Description of the task: Word for word, set down the lines from the one that holds "Blankets - Homeroots" through the final line of the listing below, and exclude every picture.

++++

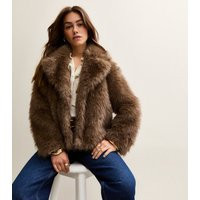 Women's Petite Brown Faux Fur Jacket New Look | New Look (UK)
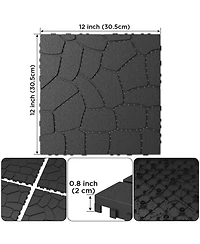 Streamdale Diy 12" Patio Deck Tiles, Interlocking, Easy Install, 44pcs Dark Gray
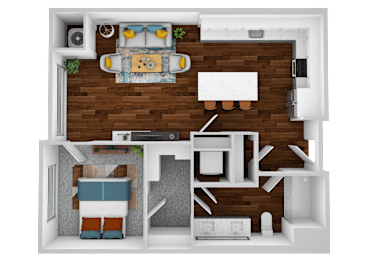 A top-down view of a small apartment with a living room, kitchen, and bedroom.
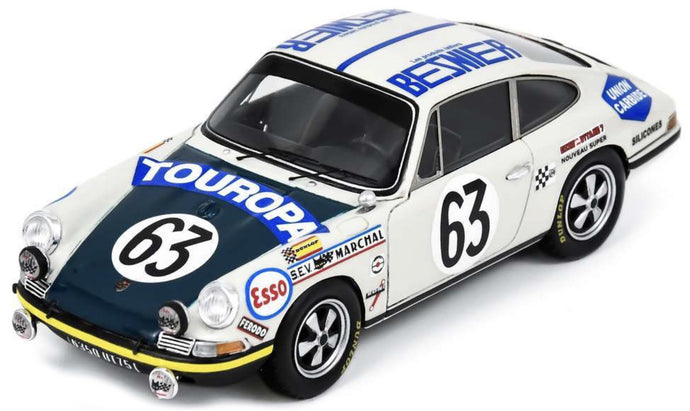 PORSCHE 911S COUPE 1991cc S6 TEAM M.MARTIN N 63 24h LE MANS 1969 RENE MAZZIA - PIERRE MAUROY BEIGE GREEN 1:43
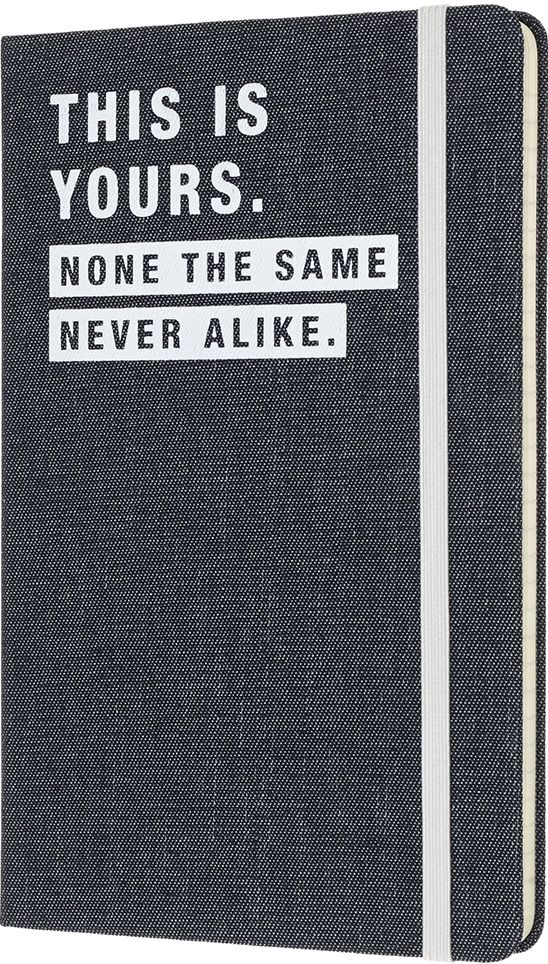 Moleskine Limited Collection Denim Notebook, Large, Ruled, Blue, This Yours, Hard Cover (5 x 8.25)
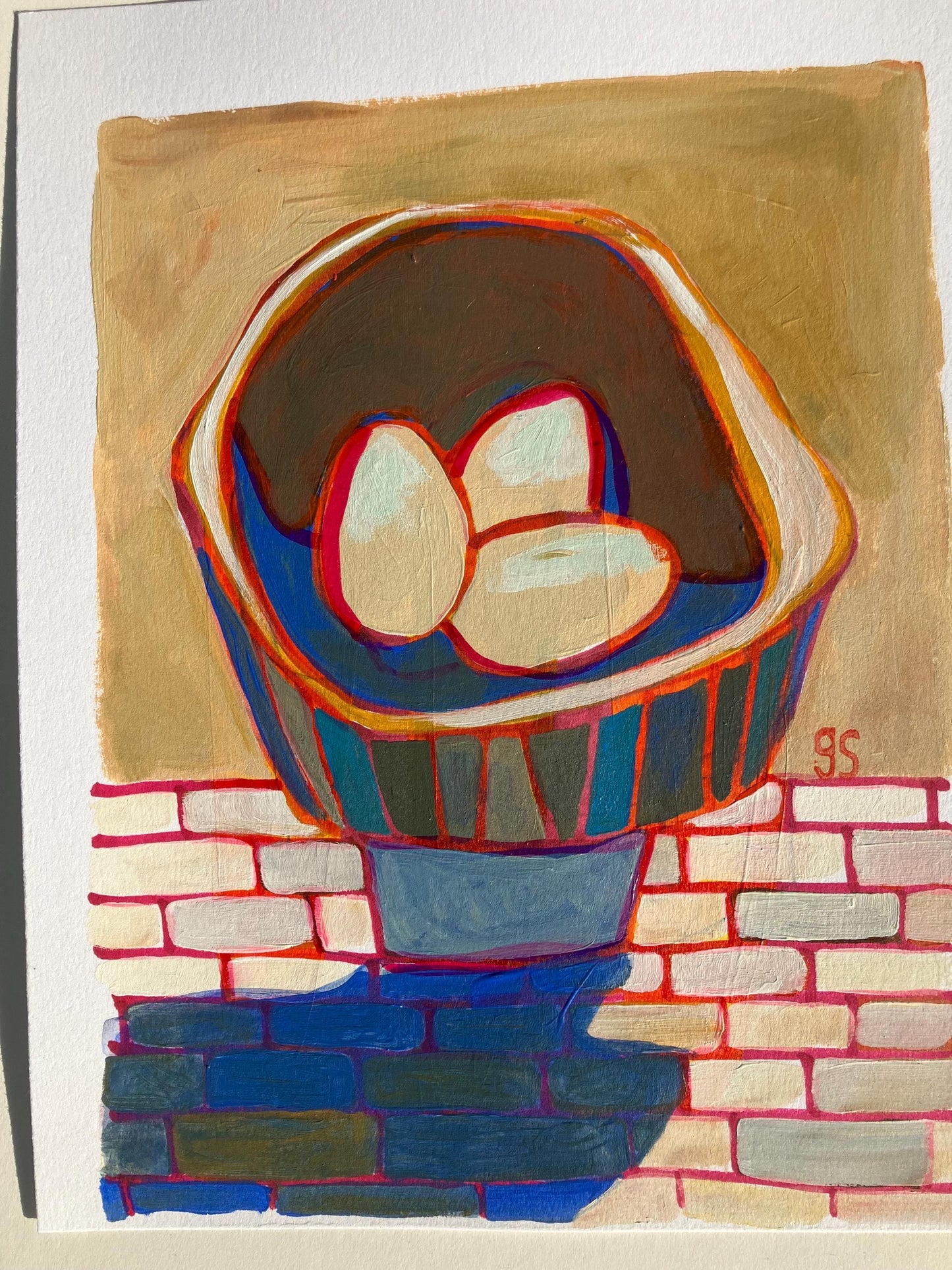 Mid-century bowl of three eggs - Original Acrylic painting (8x10in)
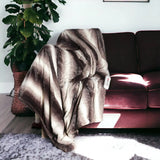 50" X 60" Brown And White Modern Contemporary Heated  Throw Blankets - Homeroots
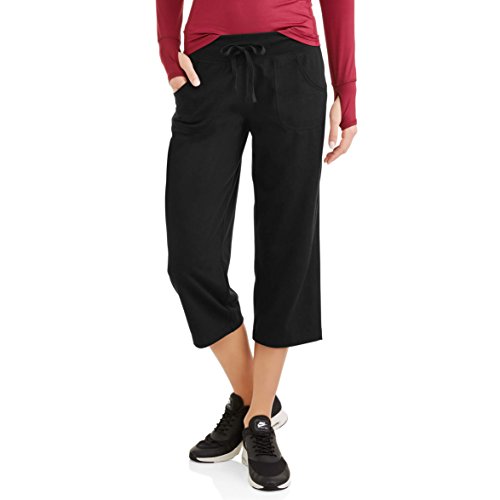 Athletic Works Womens Active Knit Capri (X-Large, Black)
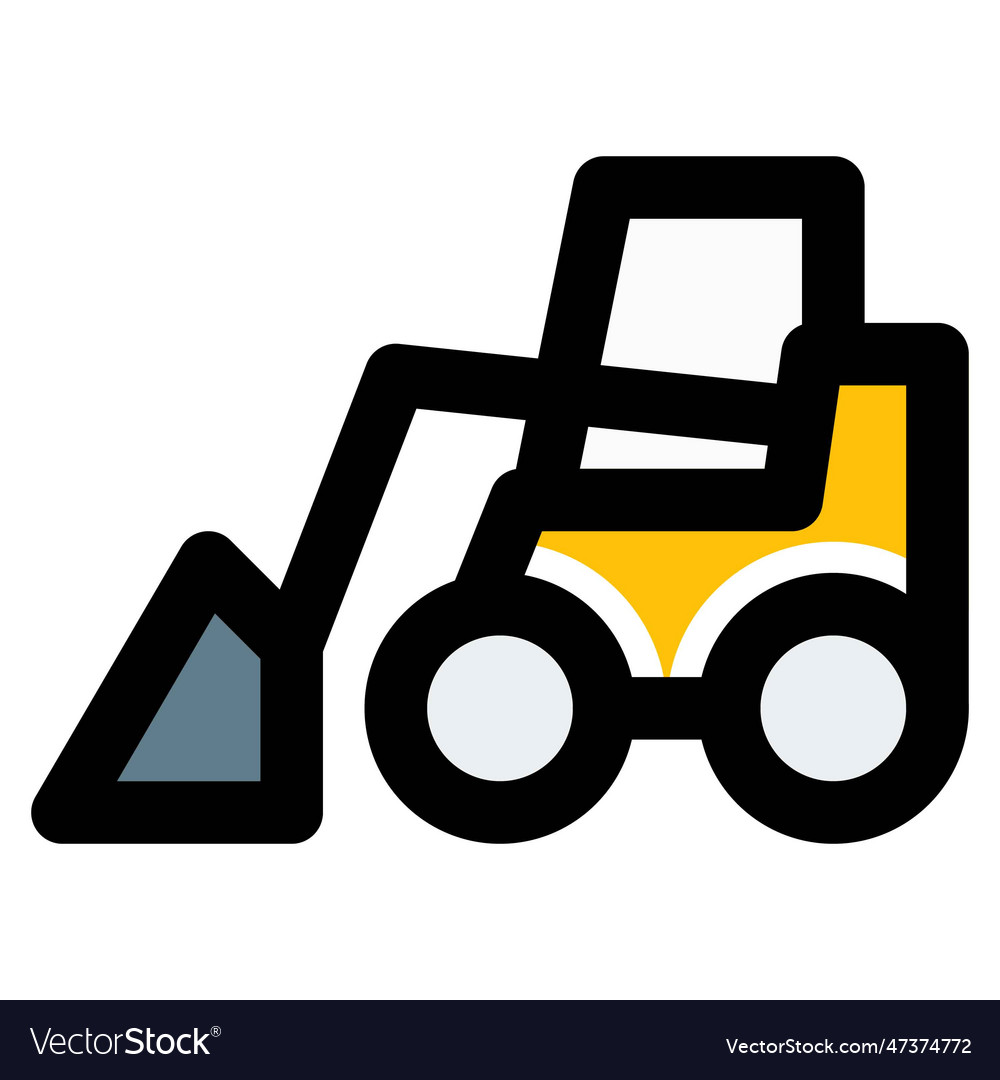 Skid Steer Used For Grading And Excavation Vector Image Skid Steer Used For Grading And Excavation Vector Image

++++

Solution to this exercise:
 50" X 60" Brown And White Modern Contemporary Heated  Throw Blankets - Homeroots
 Athletic Works Womens Active Knit Capri (X-Large, Black)
 Skid Steer Used For Grading And Excavation Vector Image Skid Steer Used For Grading And Excavation Vector Image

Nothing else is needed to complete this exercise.